- NERC Chairman Sanusi reveals a potential N3.2 trillion subsidy burden if the electricity tariff hike is reversed.
- Only a fraction of the N645 billion subsidy allocated to 2023 has been funded, leaving a significant funding gap.
Sanusi Garba, Chairman of NERC, revealed a potential N3.2 trillion subsidy burden if recent tariff hikes are reversed. Speaking at a stakeholder meeting summoned by the House of Representatives Committee on Power in Abuja, Garba underscored the criticality of this issue.
He highlighted that only a fraction of the N645 billion subsidy allocated in 2023 has been funded, leaving a substantial funding gap of N459.5 billion.
Garba emphasised the detrimental effects of this shortfall, noting that it has contributed to dwindling gas supply and power generation.
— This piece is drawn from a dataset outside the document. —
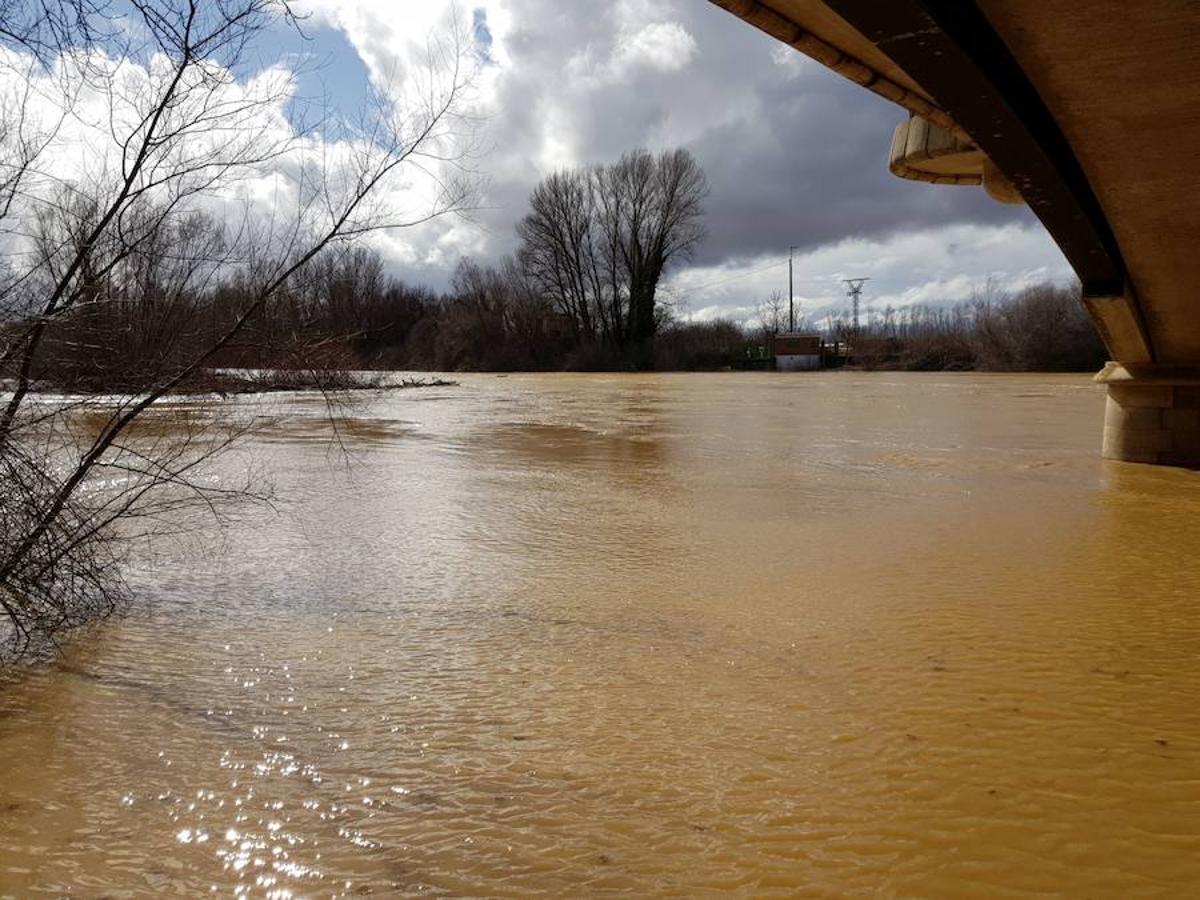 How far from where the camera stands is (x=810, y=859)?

Moreover, he stressed the need for increased sector investments to ensure power reliability.
It should be noted that Discos previously covered minimal energy invoice portions. This liquidity challenge, exacerbated by the lack of cash backing for subsidies, poses a grave threat to the sector’s stability.
Garba cautioned that the industry faces an ominous future marked by continued power outages and system failures. This is without swift and decisive action to address underlying issues such as foreign exchange fluctuations and unpaid gas bills.
Victor Nwokolo, Chairman of the House Committee on Power, echoed Garba’s concerns, emphasising the situation’s urgency. Nwokolo pledged to convene further consultations, recognising the complex interplay of factors driving the need for tariff adjustments.
He stressed the imperative of considering alternative solutions, such as the possibility of gas sales in local currency, to mitigate the sector’s financial woes and ensure sustained power generation. With Nigeria’s power sector’s fate hanging in the balance, stakeholders remain poised for further deliberations in the coming days.